INFORMATION SUPPLIED:

____

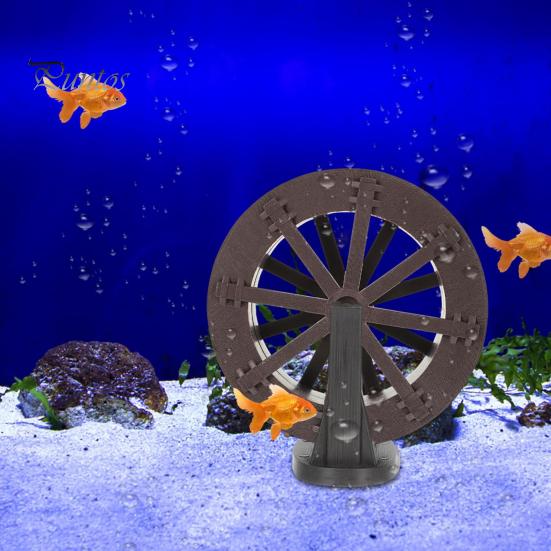 Wasserrad DIY Wasserfall Brunnen Zubehör Brunnenrad für Bach- und Generatorszenen Layout Aquarium Dekor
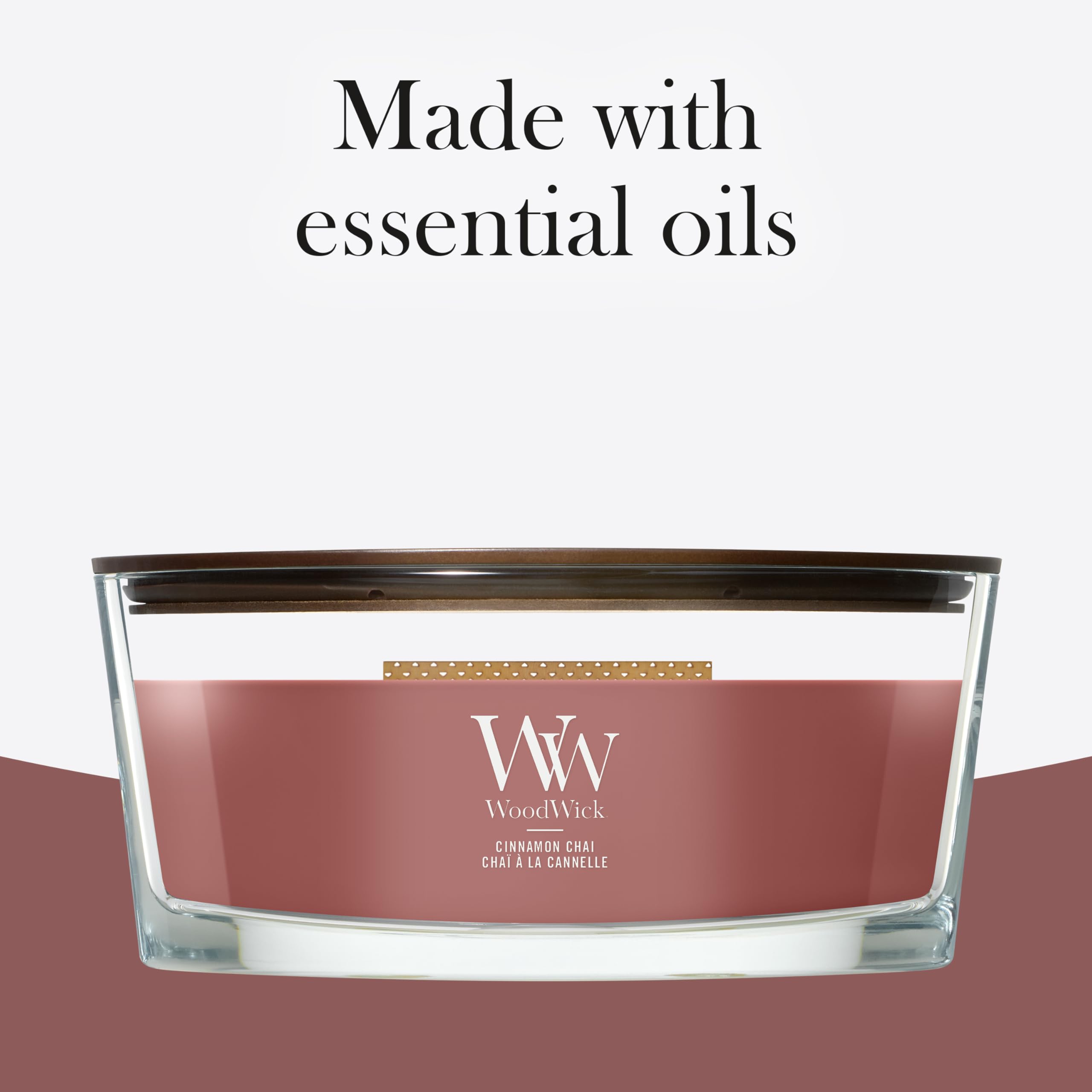 WoodWick (ウッドウィック) comparaison de taille 16 oz pour évaluer durée et échelle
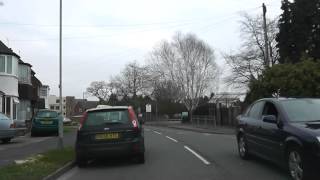 preview picture of video 'Driving On Bromyard Road, Tudor Way & Grenville Road, Worcester, England 28th March 2014'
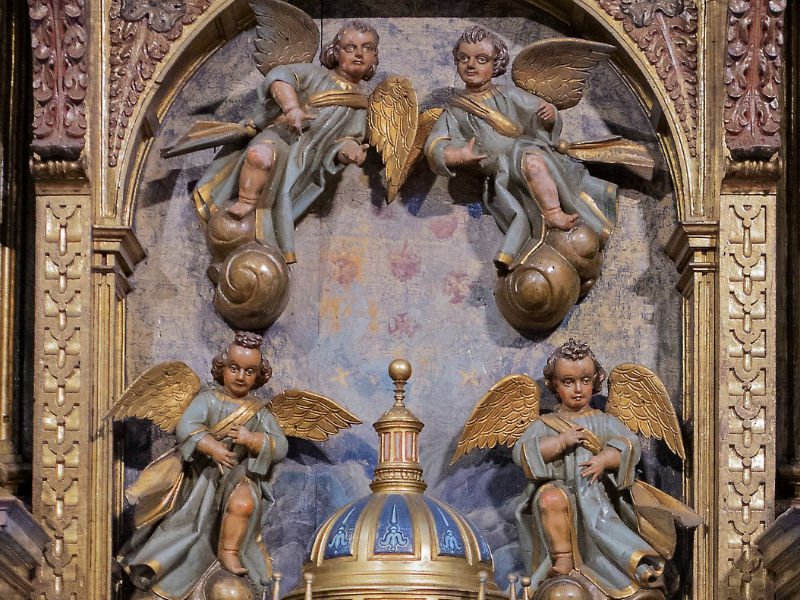 retablo mayor antigua colegiata santa maria magdalena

____

REQUIREMENT: Everything in the listing above must be retyped exactly, except for the pictures.

RESULT OF THE TASK:
 Wasserrad DIY Wasserfall Brunnen Zubehör Brunnenrad für Bach- und Generatorszenen Layout Aquarium Dekor
 WoodWick (ウッドウィック) comparaison de taille 16 oz pour évaluer durée et échelle
 preview picture of video 'Driving On Bromyard Road, Tudor Way & Grenville Road, Worcester, England 28th March 2014'
 retablo mayor antigua colegiata santa maria magdalena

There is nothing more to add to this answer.